Anyway 1st example showing how IM can be influenced by filter selection/stopband rejection:
Fig.9 dCS Scarlatti, balanced output, Filter 1, HF intermodulation spectrum, 19+20kHz at 0dBFS peak into 100k ohms:
Fig.12 The Filter setting had no effect on the results of the HF intermodulation spectral analysis when the data were upsampled to DSD or 176.4kHz PCM. However, whereas F1 offered textbook performance with non-oversampled 24-bit data (fig.9), the other three filters introduced major spectral changes. Fig.12, for example, shows the behavior with F4, which, with its slow rolloff, gives the lowest rejection of ultrasonic image energy and the greatest degree of "leakage" into the audioband. Many aliasing products can be seen below 20kHz;
while this test is very much a worst-case situation, and unlikely to be encountered with music, it is instructive to see the tradeoff this filter requires for better time-domain performance. F3 is better in this respect than F4 and F2 is better still, though neither approaches the spectral purity offered by F1.
Bolded to ensure it is put into context.
A clearer example of what is happening can be seen if I use Ayre's QB9.
Fig.12 Ayre Acoustics QB-9 set to Measure, HF intermodulation spectrum, 19+20kHz at 0dBFS peak into 600 ohms, 24-bit data (left channel blue, right red; linear frequency scale)
Set to Measure, Intermodulation products from the 19 and 20kHz tones are all below –80dB (0.01%), and while the reconstruction filter lets through a couple of images, at 24.1kHz and 25.1kHz (44.1 minus 20kHz and 44.1 minus 19kHz, respectively), these lie at or below –92dB.
Fig.13 Ayre Acoustics QB-9 set to Listen, HF intermodulation spectrum, 19+20kHz at 0dBFS peak into 600 ohms, 24-bit data (left channel blue, right red; linear frequency scale).
Set to Listen (fig.13). While actual intermodulation products are still very low in level, the less steep rolloff that goes with the optimized time-domain performance allows many more aliased images to "leak" into the audioband. The primary images, at 24.1 and 25.1kHz, now lie just 9dB below the original tones, and other images are visible in the audioband itself.

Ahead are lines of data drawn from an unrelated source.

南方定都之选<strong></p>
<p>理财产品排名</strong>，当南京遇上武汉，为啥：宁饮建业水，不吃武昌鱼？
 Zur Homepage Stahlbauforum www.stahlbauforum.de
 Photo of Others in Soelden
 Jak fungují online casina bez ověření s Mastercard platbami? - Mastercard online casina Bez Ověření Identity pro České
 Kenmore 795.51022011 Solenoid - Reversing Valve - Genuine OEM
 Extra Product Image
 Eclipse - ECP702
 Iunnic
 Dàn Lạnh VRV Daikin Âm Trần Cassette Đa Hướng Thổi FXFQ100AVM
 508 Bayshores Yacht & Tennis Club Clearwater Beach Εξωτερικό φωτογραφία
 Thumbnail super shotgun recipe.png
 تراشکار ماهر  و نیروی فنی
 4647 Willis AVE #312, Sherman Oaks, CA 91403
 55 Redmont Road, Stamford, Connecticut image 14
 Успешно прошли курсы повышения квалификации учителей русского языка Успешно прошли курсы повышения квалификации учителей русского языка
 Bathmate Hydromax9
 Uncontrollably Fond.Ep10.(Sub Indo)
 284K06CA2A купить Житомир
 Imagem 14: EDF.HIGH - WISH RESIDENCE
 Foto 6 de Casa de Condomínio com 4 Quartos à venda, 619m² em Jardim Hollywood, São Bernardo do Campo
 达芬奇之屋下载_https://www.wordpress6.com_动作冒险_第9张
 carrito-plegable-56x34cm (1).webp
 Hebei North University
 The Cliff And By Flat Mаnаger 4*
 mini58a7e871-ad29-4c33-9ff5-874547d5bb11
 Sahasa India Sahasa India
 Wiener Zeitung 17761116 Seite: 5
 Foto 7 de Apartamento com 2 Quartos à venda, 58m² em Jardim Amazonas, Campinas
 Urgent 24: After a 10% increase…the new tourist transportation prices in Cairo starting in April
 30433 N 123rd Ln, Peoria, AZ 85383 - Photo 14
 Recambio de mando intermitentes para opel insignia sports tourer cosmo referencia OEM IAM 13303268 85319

Fortunately, these all lie close to –100dB or below,
So as I thought stopband rejection design can potentially influence performance but did not think it through fully to being Alias-->IM, but again it needs to be emphasised these test fundamental signals are 0dbfs and not at real world -60dbfs or lower, and most products as shown with the Asus utilise more traditional filters so would not have this effect.
So IM may be able to contribute to cues in context of filter/stopband rejection,
but it would require stopband alias rejection to be weak and/or poor design of DAC filter, along with the fact the ultrasonic signal would need to be extraordinarily high in comparison to the real music sub 20khz content (which according to Griesinger needs to be removed for consistent audibility).
Edit:
That said the DCs would be the same for both hirez and normal music in terms of IM so no cues, BUT it might help to create cues if comparing filters in the DAC (again same caveat as before).
So further thinking, the topic of this post would not create cues for identifying hirez vs CD quality in ABX as it is pretty clear the effect will happen on both formats, cues may happen when trying to identify filters though.
Please note these measurements are from Stereophile and done by JA.